# Excel has a killer deal on '07 585s!



## mwestray (Jan 4, 2008)

$1,789!! Unfortunately they don't have any smalls or mediums, otherwise I'd be very tempted to induce a little economic stimulus into the bike industry. Check it out:

http://www.excelsports.com/new.asp?...Frameset 2007&vendorCode=LOOK&major=1&minor=1


----------



## il sogno (Jul 15, 2002)

Wow, they have an XS. My size. Too bad I already got mine.


----------



## onrhodes (Feb 19, 2004)

If there is 100 people on this board who wish to give me $17.89 each, I will gladly post a monthly review of the bike so that others can know how it rides and what sort of experiences I have had with it.
Consider me your test pilot. 

Come on, just $17.89, you've spent more on a bad meal or stupid movie.......

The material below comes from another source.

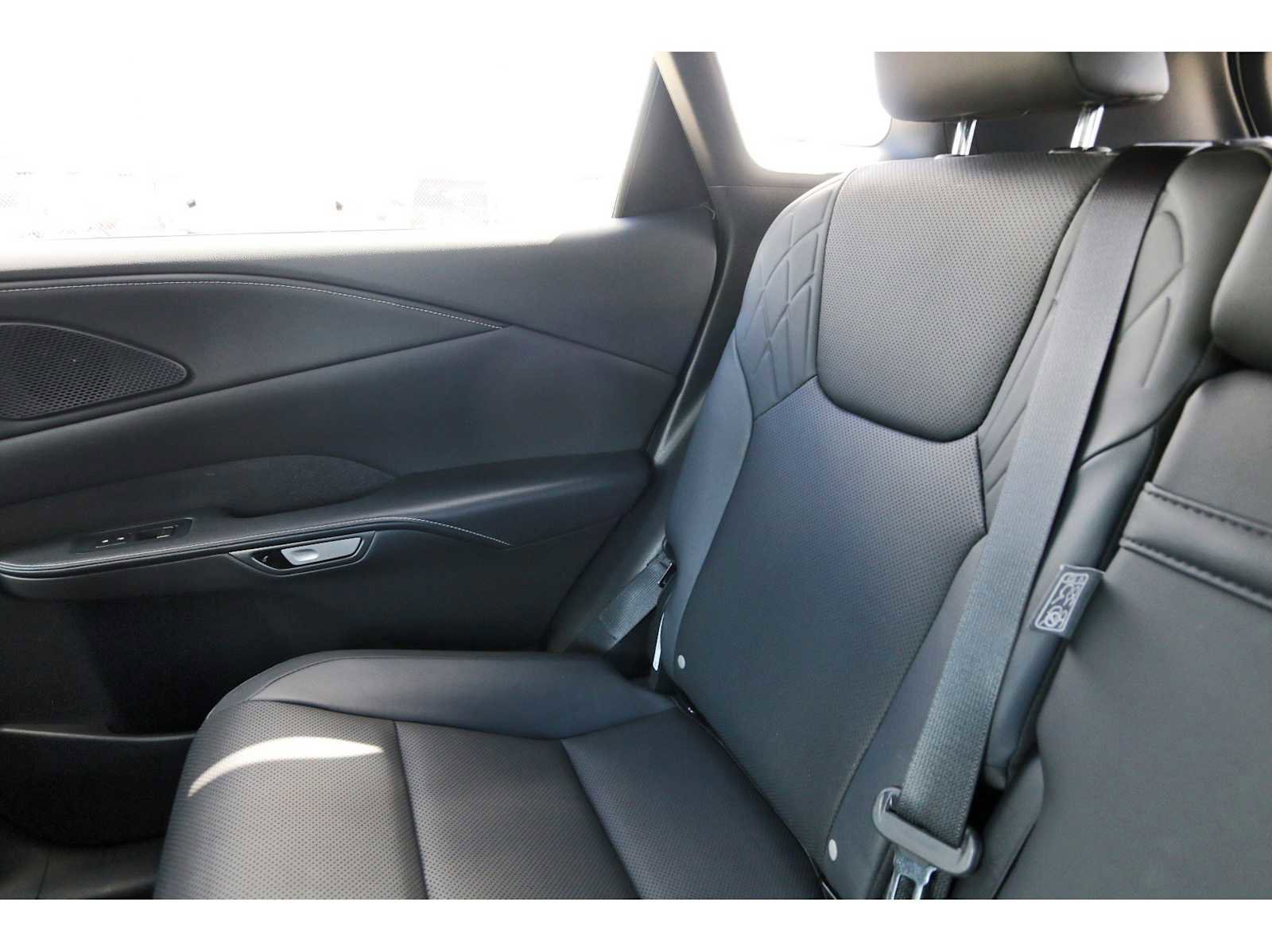 Used 2024 Lexus RX 350 FWD w/ Technology Package image 9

PM me if you are interested!


----------



## Bocephus Jones II (Oct 7, 2004)

mwestray said:


> $1,789!! Unfortunately they don't have any smalls or mediums, otherwise I'd be very tempted to induce a little economic stimulus into the bike industry. Check it out:
> 
> http://www.excelsports.com/new.asp?page=8&description=585%20Frameset%202007&vendorCode=LOOK&major=1&minor=1


When $1800 for a frame is a "killer deal" I know the expenses of this sport are getting out of hand. How do you afford your rock and roll lifestyle?


----------



## il sogno (Jul 15, 2002)

Bocephus Jones II said:


> When $1800 for a frame is a "killer deal" I know the expenses of this sport are getting out of hand. How do you afford your rock and roll lifestyle?


You want one, don't ya?


----------